With a summit altitude of 2553m ASL this pass is regularly under snow for many months of the year. It connects Maseru with Thaba-Tseka on the A3 route together with a string of other passes.
The Marakabeis Lodge lies at the western end of the pass at a river crossing. This little river flows northwards to form one of the many streams that feed into the Mohale Dam.
This beautiful pass is located on a minor gravel road, the R386, between Niekerkshoop and Prieska in the Northern Cape. It has two distinct sections; the northern half is a steep and twisty true pass, and the southern half is much more poort-like. The road is in a good condition and is well maintained, but some severe corrugations are evident, mainly on the steeper parts and on the sharper corners. Although it is situated in the transitional zone between the Kalahari and the Karoo, there is more greenery around than one would expect; this is because the mighty Orange River flows through this area just a few kilometres away from the pass.
This big pass is located on the A3 main route between Maseru in the west and the much smaller village of Fosi in the east. It displays an altitude variance of 487m over a distance of 11.9 km producing an average gradient of 1:27, but there are several very steep sections at 1:5.
The pass is also commonly known as Bushman's Pass or Bushmen's Pass. Most maps use the spelling Bushman's, but the official sign at the summit is spelled as Bushmen's Pass.
The pass has 65 bends, corners and curves compressed within its length and with a summit height of 2277m ASL it receives regular snowfalls. During very cold conditions ice might be present on the roadway, which is extremely dangerous - even for 4WD vehicles. Being one of the main routes in Lesotho the road carries a steady flow of traffic. Be wary of large trucks and buses that need the whole roadway to negotiate the sharper bends.
Although its is only 1.8 km long, the beautiful little poort packs 10 corners into its short length as it sinuously tracks the course of the Little Caledon River through a deep canyon. The poort terminates at the Caledonspoort Border Control Post, which manages access in to and out of Lesotho. This route can get very busy, particularly on Friday and Sunday afternoons, so avoid it during these times if you can.
The road surface is good for the most part, but there are a couple of sections where the tar has broken up. It is a real pity that the poort is so close to the border post, as the sheer stunning beauty of the surrounding area is not really noticed by most people as they rush through it in preparation for the border crossing.

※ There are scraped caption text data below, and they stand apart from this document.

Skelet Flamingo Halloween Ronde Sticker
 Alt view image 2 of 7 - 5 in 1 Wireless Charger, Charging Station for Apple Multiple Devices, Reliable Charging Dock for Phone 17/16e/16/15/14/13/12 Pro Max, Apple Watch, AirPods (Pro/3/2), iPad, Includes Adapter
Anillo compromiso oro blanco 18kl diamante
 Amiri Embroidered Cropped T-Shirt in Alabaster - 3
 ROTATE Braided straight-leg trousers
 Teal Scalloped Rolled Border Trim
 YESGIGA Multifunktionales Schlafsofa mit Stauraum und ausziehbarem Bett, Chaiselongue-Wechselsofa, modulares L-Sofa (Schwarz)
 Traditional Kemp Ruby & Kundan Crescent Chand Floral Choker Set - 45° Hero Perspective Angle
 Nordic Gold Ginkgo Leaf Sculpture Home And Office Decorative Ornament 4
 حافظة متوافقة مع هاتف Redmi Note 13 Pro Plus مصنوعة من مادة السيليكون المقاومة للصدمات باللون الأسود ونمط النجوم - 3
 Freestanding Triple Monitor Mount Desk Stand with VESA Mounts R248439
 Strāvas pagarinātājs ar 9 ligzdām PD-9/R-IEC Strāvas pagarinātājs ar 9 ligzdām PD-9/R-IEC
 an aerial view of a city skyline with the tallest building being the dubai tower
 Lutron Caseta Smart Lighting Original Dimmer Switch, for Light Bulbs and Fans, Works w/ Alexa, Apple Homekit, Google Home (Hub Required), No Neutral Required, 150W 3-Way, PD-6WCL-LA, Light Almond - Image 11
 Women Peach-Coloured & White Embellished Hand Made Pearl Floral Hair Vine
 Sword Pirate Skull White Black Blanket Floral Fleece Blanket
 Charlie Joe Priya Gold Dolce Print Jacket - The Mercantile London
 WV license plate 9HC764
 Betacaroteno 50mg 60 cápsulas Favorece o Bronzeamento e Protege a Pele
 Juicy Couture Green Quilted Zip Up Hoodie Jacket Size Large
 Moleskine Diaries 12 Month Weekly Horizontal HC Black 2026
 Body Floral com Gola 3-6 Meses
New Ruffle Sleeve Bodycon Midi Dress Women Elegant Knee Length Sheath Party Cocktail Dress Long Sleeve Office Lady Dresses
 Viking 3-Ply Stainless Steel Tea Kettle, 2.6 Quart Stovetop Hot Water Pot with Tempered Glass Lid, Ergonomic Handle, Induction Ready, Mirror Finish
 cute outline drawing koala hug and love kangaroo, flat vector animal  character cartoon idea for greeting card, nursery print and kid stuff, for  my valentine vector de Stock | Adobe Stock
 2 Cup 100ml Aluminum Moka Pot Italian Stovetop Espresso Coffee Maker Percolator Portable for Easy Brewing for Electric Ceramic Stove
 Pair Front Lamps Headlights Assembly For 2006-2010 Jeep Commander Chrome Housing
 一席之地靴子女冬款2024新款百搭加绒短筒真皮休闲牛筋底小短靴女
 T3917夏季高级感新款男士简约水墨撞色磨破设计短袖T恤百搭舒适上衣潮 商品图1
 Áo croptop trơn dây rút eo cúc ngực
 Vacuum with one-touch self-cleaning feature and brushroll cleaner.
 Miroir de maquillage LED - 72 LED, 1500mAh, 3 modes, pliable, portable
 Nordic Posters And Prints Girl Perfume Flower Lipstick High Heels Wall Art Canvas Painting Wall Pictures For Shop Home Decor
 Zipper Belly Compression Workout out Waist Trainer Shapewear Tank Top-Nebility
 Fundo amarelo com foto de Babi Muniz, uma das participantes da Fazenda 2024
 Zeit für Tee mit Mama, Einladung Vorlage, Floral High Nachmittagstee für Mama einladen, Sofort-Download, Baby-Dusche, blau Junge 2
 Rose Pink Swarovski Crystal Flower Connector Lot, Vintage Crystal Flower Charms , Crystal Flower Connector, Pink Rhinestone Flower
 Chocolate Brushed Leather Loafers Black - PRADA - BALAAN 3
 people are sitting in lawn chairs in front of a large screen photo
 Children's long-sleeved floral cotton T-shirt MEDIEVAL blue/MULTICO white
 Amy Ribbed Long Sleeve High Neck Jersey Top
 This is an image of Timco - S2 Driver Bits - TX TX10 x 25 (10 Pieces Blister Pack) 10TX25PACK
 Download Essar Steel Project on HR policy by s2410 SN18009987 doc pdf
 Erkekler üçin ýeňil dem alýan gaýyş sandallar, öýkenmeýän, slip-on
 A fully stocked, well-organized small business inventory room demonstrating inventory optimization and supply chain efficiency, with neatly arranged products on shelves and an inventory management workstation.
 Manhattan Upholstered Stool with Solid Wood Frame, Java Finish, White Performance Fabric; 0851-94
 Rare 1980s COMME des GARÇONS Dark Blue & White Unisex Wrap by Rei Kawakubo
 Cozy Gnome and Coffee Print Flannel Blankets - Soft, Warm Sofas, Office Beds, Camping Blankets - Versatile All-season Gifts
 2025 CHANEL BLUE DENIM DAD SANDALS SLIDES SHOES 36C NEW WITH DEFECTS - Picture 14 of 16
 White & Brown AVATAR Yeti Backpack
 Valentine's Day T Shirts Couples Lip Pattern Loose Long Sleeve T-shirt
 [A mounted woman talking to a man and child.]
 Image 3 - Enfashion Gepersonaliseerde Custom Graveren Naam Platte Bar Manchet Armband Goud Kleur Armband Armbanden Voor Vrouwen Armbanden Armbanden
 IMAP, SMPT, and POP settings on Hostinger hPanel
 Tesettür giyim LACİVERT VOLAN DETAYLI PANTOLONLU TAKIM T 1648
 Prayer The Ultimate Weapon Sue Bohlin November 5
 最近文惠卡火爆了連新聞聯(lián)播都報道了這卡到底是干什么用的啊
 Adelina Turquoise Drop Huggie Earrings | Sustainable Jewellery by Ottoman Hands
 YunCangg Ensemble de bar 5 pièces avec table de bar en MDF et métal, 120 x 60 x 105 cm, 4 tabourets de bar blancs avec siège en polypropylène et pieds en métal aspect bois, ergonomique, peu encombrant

This major pass is located between the town of Kala in the west and the Afriski Resort in the north in the northern quartile of Lesotho. It has a huge altitude gain of 896m that stretches over a distance of 15.3 km which converts into an average gradient of 1:17, but don't be fooled by that figure as it includes the descent. Most of the ascent from the western approach is between 1:5 and 1:8.
The 91 bends, corners and curves will require your full concentration. Amongst those there are 4 extreme hairpin bends and one full horseshoe. The A1 road is the major route across the northern sector of Lesotho and as such carries a fair volume of traffic including some very large trucks. These need the full width of the road to negotiate the hairpin bends, so be fully aware of this as you proceed along this pass.
The pass has been the scene of numerous accidents, mostly involving trucks and buses. All the passes in Lesotho are above the snow line, so driving here in winter invariably means having to deal with snow and ice, which is to be avoided if possible - and especially so if you are not in a 4WD vehicle.